_TASK PROMPT_: Start at the line with "Angra dos Reis" in the records below, stop at the line with "Kia Come New K7 2018 Белый из Кореи, фото 3", and return every line in that span exactly, the two end lines included.

_DATA TO PROCESS_:
○ ○ ○ ○ ○ ○ ○

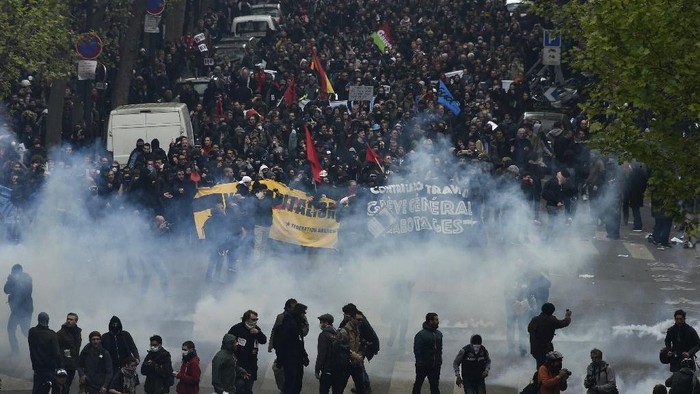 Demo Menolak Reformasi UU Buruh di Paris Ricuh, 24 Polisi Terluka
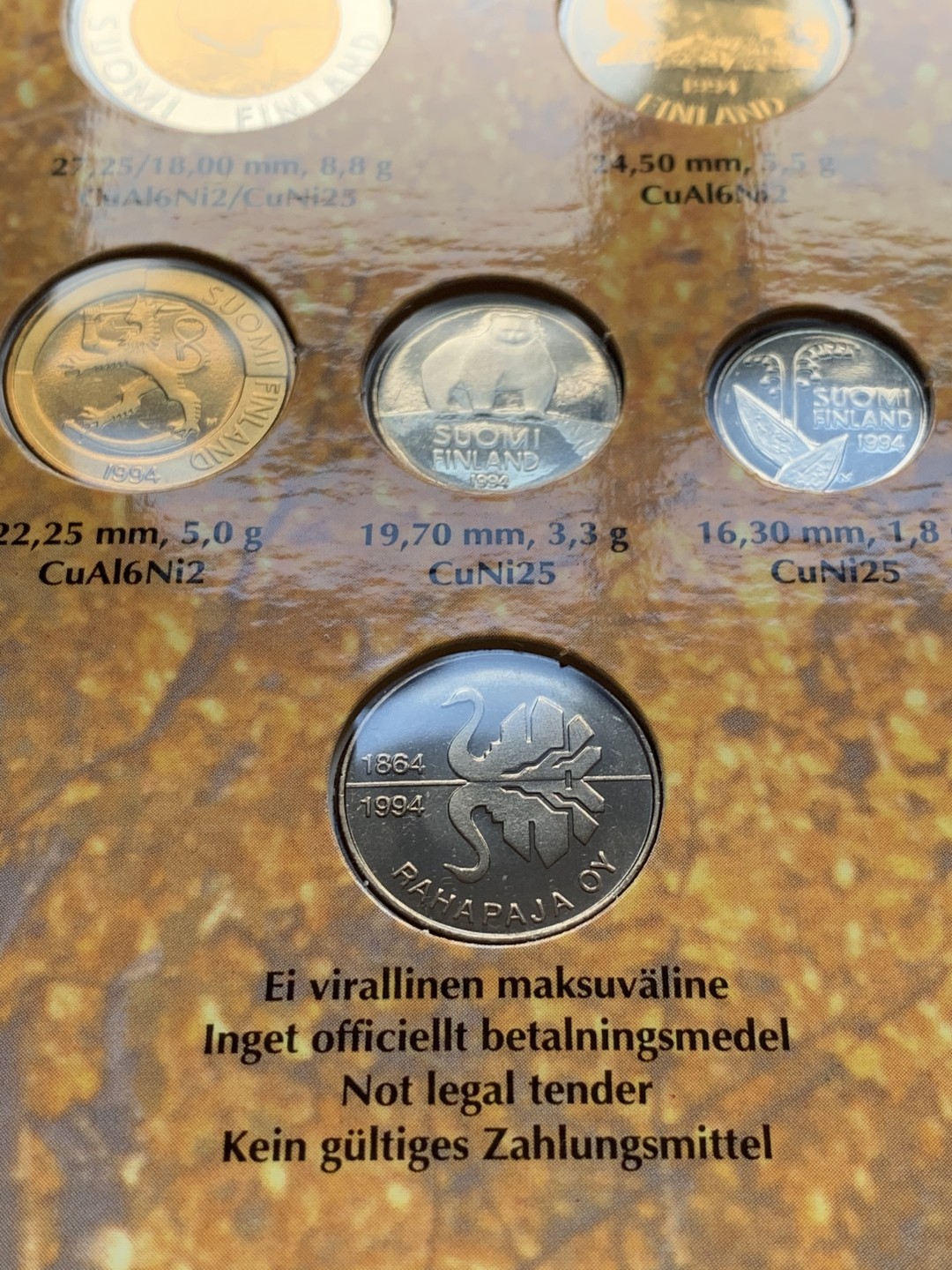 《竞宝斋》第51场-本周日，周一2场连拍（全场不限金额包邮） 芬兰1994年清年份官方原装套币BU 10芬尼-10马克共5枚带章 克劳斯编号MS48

○ ○ ○ ○ ○ ○ ○

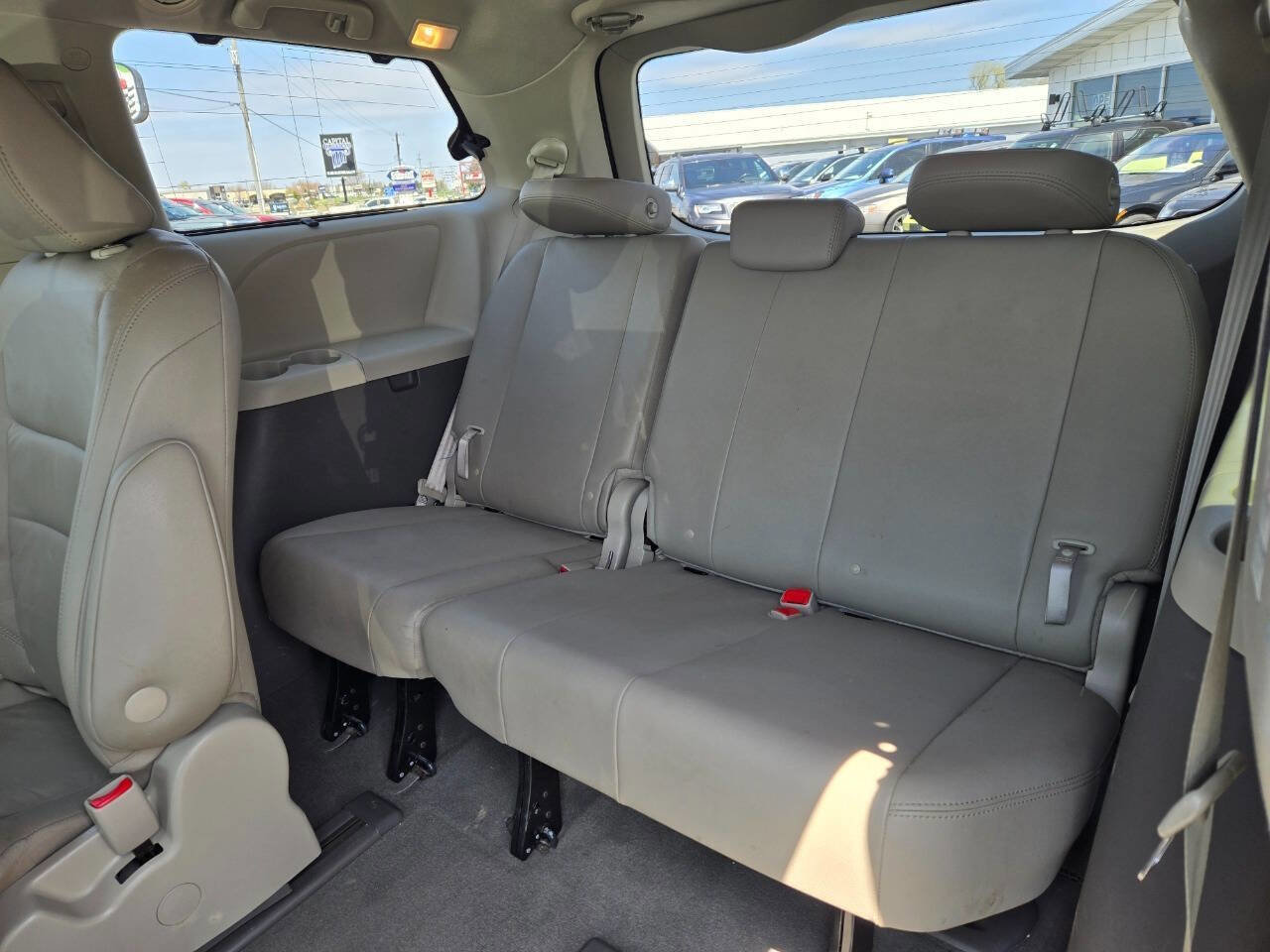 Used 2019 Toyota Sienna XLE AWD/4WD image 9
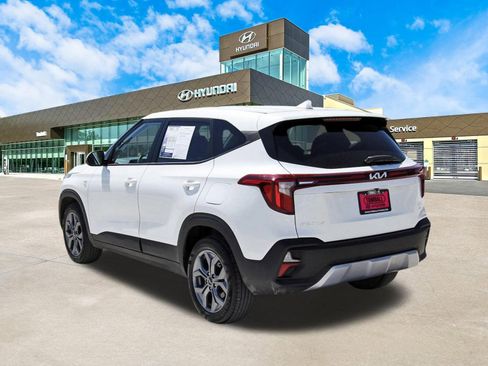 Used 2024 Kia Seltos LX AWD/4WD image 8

○ ○ ○ ○ ○ ○ ○

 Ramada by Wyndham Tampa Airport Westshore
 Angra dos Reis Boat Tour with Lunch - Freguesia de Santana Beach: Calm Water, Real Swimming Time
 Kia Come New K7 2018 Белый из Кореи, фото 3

○ ○ ○ ○ ○ ○ ○

_TASK SOLUTION_:
 Angra dos Reis Boat Tour with Lunch - Freguesia de Santana Beach: Calm Water, Real Swimming Time
 Kia Come New K7 2018 Белый из Кореи, фото 3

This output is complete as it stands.